The Read: Danielle Charette and William Selinger, "The Political Prophet Harvard Didn't Want"
Friday's Child Is Loving and Giving
This is a short column, basically just an appreciation, for this essay published in the Chronicle of Higher Education.
The title is wildly misleading: I thought it was going to turn out to be some sort of news item about a new controversy at Harvard. While I’m always down to read about Harvard screwing up again, it turns out that the Harvard screw-up in question is twenty years old, a relatively minor part of the essay and a pretty familiar kind of Harvard-ish mistake, namely, missing the boat on hiring or retaining a really interesting scholar. (Though it’s the story the authors lead with.)
The essay is about István Hont, a political theorist and intellectual historian who is “having a moment”, as Charette and Selinger put it, with many people discovering his usefully contrarian analysis of Enlightenment political thought and its relationship to modern economic doctrine.

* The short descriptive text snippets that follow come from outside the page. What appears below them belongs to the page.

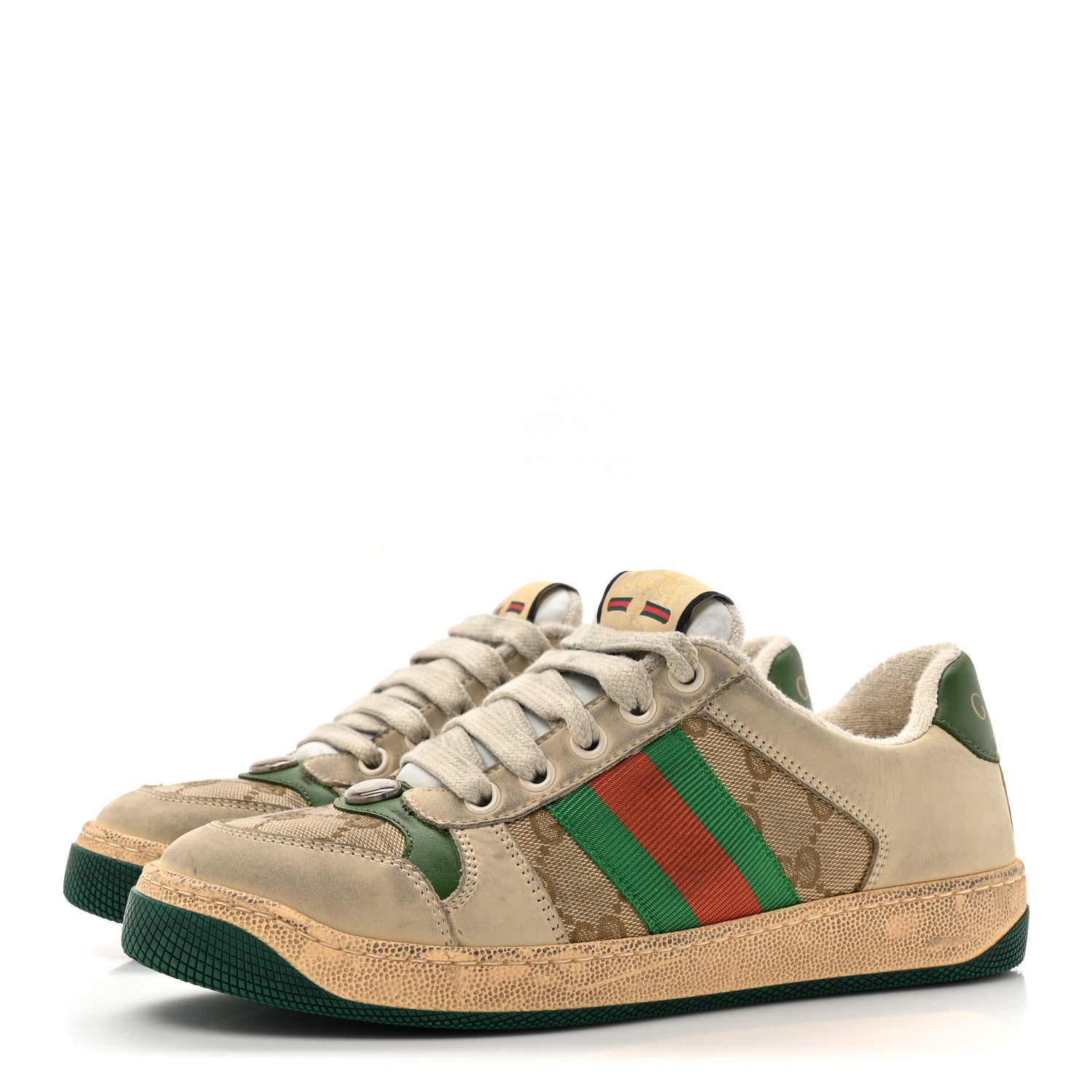 Gucci GG Monogram Nubuck Web Womens Screener Sneakers 35.5 New Sand Dusty Milk Vintage Green 3 of 12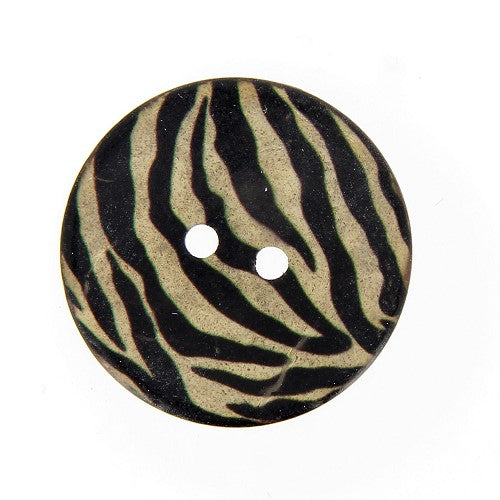 Boutons 2 trous coco imprimé zèbre 22 mm 30mm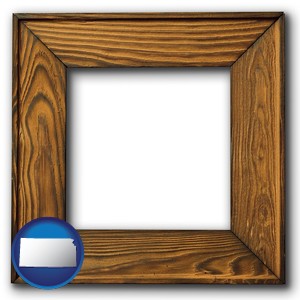 a wooden picture frame - with Kansas icon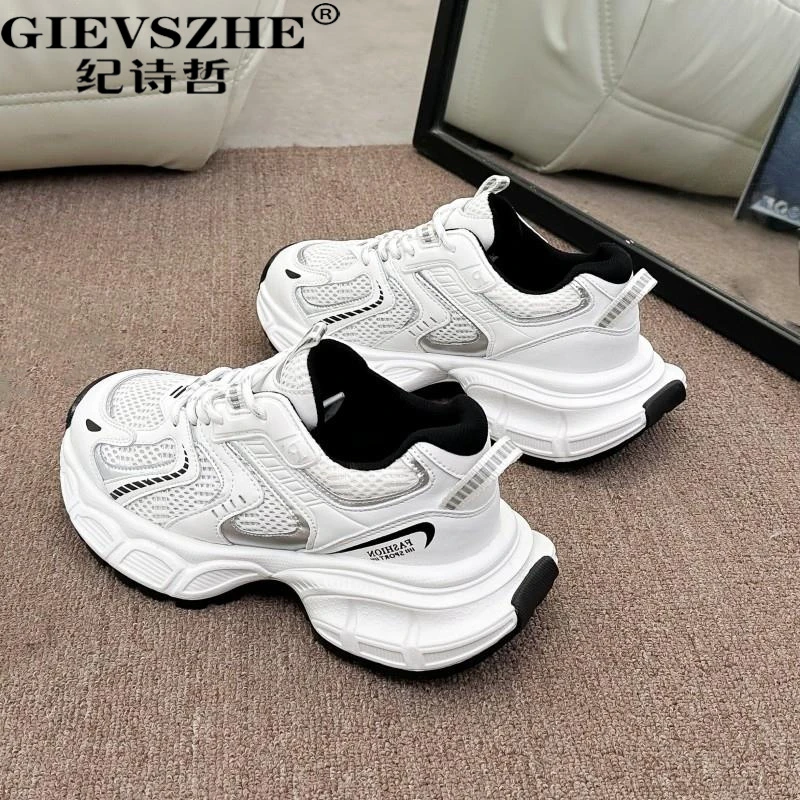 纪诗哲银色真皮老爹鞋女2025秋季新款厚复古老爹女款银色厚底鞋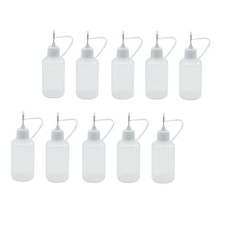 Grosun 10 Pieces 30ml Precision Tip Applicator Bottle Needle Glue transparent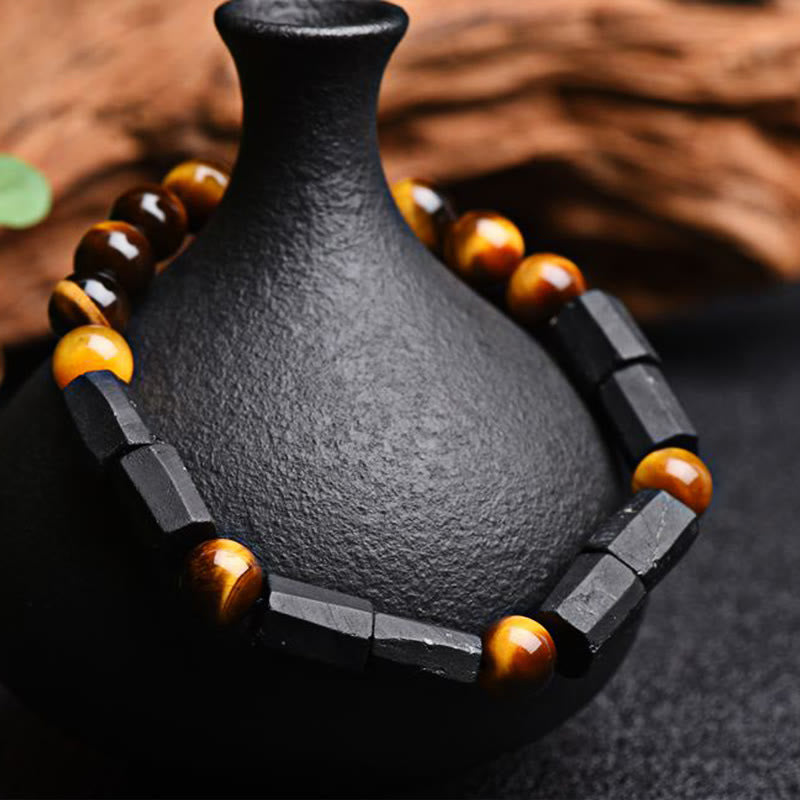 Natural Obsidian Single Ring Bracelet Fashion Simple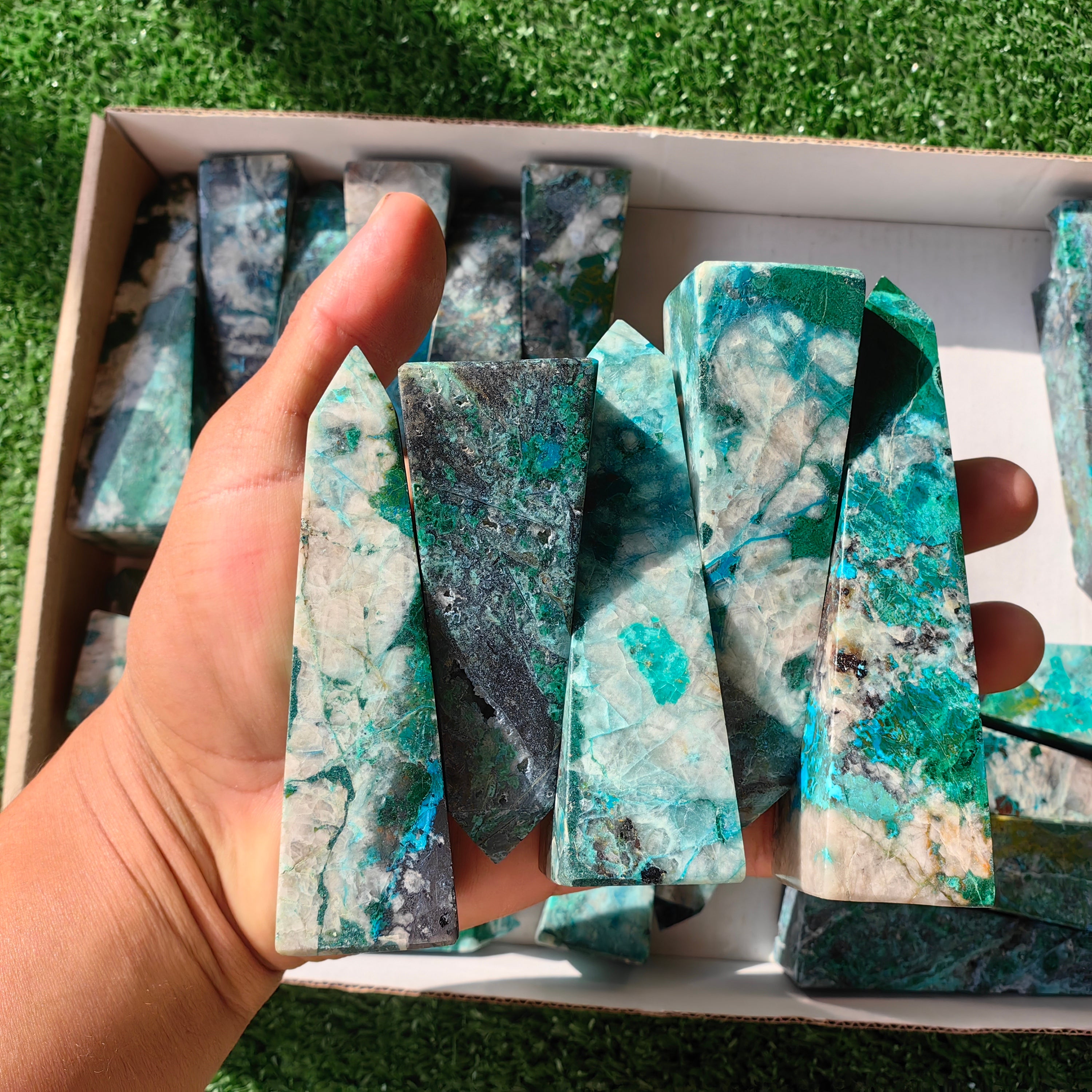 22 pc chrysocolla quartz towers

I’ll be honest: I’d only heard of Hont once or twice before and never in a way that compelled me to take a strong interest. That changed after I read this essay. They describe Hont arguing that rather than understanding liberal economic doctrine as driving the outcomes of interstate relations, globalization, and national formation (with the old idea that the state is only the manager or organizer of those outcomes—the “steering committee” of capitalist power—that liberal ideas about markets and trade that followed on Adam Smith were really more about political competition between states. In their view, Hont argues that “politics determines economic policy”, and that liberal and neoliberal policies in a globalizing world intensify and express interstate rivalries and inequities rather than resolving them.
I recommend the article: it’s a good introduction to Hont and it’s certainly inspired me to go track his work down and read it as soon as I can manage. A future column, perhaps.